Most AI systems still learn supervised with labeled data. But the successes of self-supervised learning in large-scale language models such as GPT-3 and, more recently, image analysis systems such as Meta's SEER and Google's Vision Transformer, clearly demonstrate that AIs that autonomously learn the structures of languages or images are more flexible and powerful.
However, until now, researchers still need different training regimes for different modalities, which are incompatible with each other: GPT-3 completes sentences in training, a vision transformer segments images, and a speech recognition system predicts missing sounds.
All AI systems, therefore, work with different types of data, sometimes pixels, sometimes words, sometimes audio waveform. This discrepancy means, for example, that research advances for one type of algorithm do not automatically transfer to another.
Metas data2vec processes different modalities
Researchers at Metas AI Research are now introducing a single learning algorithm that can be used to train an AI system with images, text, or spoken language. The algorithm is called "data2vec," a reference to the word2vec algorithm, which is a foundation for developing large-scale language models. Data2vec combines the training process of the three modalities and achieves in benchmarks the performance of existing alternatives for individual modalities.
Data2vec circumvents the need for different training regimes for different modalities with two networks that work together. The so-called Teacher network first computes an internal representation of, say, a dog image. Internal representations consist of, among other things, the weights in the neural network. Then, the researchers mask a part of the dog image and let the Student network compute an internal representation of the image as well.
However, the Student network must predict the representation of the full image. But instead of learning with more images, like the Vision Transformer, the Student net learns to predict the representations of the Teacher net instead.
Since the latter was able to process the complete image, with numerous further training passes the Student network learns better and better to predict the Teacher representations and thus the complete images.
Since the Student network does not directly predict the pixels in the image, but instead the representations of the Teacher network, from which pixels can then be reconstructed, the same method works for other data such as speech or text. This intermediate step over representation predictions makes Data2vec suitable for all modalities.
Data2vec aims to help AI learn more generally
At its core, the researchers are interested in learning more generally: "AI should be able to learn many different tasks, even those that are completely foreign to it. We want a machine to not only recognize the animals shown in its training data but also to be able to adapt to new creatures if we tell it what they look like," Meta's team writes. The researchers are following the vision of Meta's AI chief Yann LeCun, who in spring 2021 called self-supervised learning the "dark matter of intelligence."

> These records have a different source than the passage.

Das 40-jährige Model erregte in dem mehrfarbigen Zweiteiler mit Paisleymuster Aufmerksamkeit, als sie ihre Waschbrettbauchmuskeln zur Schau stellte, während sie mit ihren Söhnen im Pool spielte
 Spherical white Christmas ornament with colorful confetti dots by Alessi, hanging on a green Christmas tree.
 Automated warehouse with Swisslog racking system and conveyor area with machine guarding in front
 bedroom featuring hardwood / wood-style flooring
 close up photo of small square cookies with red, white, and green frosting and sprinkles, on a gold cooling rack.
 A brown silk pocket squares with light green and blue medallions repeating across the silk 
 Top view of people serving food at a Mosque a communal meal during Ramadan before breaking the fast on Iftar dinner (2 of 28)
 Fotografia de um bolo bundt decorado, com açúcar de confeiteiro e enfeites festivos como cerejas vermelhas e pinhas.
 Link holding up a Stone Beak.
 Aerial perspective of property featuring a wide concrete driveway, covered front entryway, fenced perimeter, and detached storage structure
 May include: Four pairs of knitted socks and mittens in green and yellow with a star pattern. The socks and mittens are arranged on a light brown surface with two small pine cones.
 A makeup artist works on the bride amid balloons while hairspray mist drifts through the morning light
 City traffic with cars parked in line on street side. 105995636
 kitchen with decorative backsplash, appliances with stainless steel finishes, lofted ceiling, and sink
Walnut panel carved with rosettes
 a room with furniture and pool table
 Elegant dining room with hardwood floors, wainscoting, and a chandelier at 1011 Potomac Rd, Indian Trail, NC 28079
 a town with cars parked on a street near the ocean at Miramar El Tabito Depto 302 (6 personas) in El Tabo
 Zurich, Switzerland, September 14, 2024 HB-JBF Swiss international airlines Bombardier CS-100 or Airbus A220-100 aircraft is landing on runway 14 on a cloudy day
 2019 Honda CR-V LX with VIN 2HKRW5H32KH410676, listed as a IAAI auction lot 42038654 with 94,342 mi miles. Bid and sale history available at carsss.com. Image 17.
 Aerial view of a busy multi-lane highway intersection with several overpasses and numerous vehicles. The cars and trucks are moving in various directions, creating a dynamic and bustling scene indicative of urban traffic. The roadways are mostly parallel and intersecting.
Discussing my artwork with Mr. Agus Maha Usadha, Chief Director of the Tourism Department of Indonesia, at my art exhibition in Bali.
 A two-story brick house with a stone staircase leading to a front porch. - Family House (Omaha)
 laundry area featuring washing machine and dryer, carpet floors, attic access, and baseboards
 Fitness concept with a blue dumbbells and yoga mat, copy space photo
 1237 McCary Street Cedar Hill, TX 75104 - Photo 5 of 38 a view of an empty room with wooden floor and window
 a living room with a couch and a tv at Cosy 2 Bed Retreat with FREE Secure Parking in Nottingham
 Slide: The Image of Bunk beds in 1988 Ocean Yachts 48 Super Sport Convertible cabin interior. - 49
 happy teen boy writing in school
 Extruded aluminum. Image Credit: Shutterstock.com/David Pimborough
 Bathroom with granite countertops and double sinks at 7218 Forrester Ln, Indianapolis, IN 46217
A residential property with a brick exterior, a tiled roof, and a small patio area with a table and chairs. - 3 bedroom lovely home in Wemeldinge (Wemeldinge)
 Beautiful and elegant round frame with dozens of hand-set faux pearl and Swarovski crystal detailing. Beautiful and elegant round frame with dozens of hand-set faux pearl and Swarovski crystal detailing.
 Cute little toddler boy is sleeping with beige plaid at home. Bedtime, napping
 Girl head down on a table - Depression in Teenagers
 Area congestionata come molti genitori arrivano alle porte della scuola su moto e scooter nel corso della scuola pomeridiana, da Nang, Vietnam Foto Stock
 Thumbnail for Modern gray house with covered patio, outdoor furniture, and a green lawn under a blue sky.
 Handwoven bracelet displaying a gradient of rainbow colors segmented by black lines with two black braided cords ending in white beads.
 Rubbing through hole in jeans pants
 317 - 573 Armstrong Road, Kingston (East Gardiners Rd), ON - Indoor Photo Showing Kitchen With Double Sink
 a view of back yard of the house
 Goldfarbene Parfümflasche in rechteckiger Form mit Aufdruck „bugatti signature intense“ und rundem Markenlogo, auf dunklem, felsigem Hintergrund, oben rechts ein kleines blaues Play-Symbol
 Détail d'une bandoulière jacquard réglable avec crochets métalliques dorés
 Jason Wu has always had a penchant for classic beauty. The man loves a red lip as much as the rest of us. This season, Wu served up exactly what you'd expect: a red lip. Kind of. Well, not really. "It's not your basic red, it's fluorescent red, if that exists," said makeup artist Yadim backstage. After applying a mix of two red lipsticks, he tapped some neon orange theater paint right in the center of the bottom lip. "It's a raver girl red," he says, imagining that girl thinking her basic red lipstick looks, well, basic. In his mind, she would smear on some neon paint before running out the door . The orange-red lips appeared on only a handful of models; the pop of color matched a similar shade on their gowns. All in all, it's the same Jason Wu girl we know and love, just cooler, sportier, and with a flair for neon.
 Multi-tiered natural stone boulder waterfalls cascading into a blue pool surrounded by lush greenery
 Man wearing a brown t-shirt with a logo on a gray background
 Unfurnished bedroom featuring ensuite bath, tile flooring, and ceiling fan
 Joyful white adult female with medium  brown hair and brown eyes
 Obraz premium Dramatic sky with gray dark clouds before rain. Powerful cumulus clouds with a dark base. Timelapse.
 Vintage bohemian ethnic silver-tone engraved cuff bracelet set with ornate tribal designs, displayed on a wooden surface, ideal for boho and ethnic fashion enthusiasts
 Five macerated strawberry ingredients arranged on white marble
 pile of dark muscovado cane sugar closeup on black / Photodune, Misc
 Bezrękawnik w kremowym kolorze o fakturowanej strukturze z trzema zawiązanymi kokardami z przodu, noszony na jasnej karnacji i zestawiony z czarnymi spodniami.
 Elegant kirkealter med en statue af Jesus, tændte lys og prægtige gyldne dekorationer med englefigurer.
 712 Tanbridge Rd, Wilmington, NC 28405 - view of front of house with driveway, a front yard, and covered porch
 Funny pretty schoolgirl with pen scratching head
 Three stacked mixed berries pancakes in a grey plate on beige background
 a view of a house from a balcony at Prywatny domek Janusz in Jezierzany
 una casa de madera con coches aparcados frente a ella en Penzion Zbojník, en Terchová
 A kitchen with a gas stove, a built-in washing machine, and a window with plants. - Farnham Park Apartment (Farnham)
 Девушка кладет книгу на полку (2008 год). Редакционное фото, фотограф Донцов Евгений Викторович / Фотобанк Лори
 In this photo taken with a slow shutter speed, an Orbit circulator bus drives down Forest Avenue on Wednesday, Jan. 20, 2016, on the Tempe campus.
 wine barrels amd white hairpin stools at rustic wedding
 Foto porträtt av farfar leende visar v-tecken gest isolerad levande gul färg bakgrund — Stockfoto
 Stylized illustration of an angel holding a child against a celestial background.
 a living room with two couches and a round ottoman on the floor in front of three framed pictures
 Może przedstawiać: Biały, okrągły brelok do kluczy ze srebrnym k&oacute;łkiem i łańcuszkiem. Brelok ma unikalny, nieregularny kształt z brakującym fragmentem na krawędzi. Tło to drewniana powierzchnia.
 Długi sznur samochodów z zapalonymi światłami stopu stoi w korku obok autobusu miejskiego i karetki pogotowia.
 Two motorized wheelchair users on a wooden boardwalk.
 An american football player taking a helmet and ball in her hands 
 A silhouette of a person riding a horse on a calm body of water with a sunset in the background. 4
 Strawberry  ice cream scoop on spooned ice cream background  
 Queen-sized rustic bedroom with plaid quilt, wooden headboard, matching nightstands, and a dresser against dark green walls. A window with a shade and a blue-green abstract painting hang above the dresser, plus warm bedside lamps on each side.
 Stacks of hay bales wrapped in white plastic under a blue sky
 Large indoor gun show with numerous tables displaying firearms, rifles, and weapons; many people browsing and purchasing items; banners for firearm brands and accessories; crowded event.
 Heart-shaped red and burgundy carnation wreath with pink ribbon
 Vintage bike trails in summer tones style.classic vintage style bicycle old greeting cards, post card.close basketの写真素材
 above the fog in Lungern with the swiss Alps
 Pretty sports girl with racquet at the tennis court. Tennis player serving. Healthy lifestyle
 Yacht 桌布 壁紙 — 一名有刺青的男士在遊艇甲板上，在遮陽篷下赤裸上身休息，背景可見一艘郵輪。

Meta is not alone in its efforts to enable self-supervised learning for multiple modalities. In March 2021, Deepmind released Perceiver, a Transformer model that can process images, audio, video, and cloud-point data. However, that has been trained in a supervised fashion.
Then, in August 2021, Deepmind introduced Perceiver IO, an improved variant that generates a variety of results from different input data, making it suitable for use in speech processing, image analysis, or understanding multimodal data such as video. However, Perceiver IO still uses different training regimes for different modalities.
Meta's researchers are now planning further improvements and may look to combine the data2vec learning method with Deepmind's Perceiver IO. Pre-trained models of data2vec are available on Meta's Github.